• [Exercise details] Look through the records below for lines containing the string "Black", and report how many there are, nothing else.

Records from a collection
━━━━━━━━━━━━━━━━

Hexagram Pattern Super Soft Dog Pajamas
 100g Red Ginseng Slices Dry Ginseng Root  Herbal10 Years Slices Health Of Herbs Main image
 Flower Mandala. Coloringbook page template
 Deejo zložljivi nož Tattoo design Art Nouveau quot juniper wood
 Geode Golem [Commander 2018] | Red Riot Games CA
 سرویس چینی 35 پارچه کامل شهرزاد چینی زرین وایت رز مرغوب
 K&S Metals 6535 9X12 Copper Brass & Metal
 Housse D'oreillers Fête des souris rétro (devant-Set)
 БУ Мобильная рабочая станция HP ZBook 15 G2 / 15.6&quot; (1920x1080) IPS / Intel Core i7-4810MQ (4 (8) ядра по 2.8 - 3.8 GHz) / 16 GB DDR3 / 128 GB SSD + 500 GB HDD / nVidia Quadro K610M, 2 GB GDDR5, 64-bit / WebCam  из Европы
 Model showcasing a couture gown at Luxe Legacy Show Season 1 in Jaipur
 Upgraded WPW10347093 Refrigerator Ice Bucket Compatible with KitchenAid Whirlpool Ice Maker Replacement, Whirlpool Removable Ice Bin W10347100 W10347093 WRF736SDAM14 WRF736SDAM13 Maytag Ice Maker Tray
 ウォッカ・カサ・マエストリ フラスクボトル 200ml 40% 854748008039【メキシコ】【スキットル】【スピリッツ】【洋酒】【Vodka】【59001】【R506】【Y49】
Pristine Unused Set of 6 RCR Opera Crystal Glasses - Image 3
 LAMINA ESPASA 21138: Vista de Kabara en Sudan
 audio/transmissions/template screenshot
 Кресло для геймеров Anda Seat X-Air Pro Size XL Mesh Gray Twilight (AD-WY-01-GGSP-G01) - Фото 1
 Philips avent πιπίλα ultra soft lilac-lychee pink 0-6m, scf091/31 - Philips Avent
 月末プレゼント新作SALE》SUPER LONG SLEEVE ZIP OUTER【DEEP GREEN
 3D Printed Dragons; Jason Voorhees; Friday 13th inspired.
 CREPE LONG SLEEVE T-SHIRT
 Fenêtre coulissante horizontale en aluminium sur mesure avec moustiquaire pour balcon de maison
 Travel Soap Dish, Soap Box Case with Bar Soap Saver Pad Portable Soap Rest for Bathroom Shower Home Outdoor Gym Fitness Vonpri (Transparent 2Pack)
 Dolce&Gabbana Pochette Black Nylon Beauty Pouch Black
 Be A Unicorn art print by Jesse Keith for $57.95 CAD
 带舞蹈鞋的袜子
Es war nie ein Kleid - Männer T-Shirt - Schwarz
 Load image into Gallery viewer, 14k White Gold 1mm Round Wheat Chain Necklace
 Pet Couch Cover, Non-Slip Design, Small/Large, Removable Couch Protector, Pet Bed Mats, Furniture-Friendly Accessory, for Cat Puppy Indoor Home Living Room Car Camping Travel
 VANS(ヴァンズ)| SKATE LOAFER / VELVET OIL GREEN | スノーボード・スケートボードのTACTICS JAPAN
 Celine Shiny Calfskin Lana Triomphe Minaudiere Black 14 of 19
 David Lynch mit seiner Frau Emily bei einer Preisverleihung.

━━━━━━━━━━━━━━━━

• [Solution to this problem] 2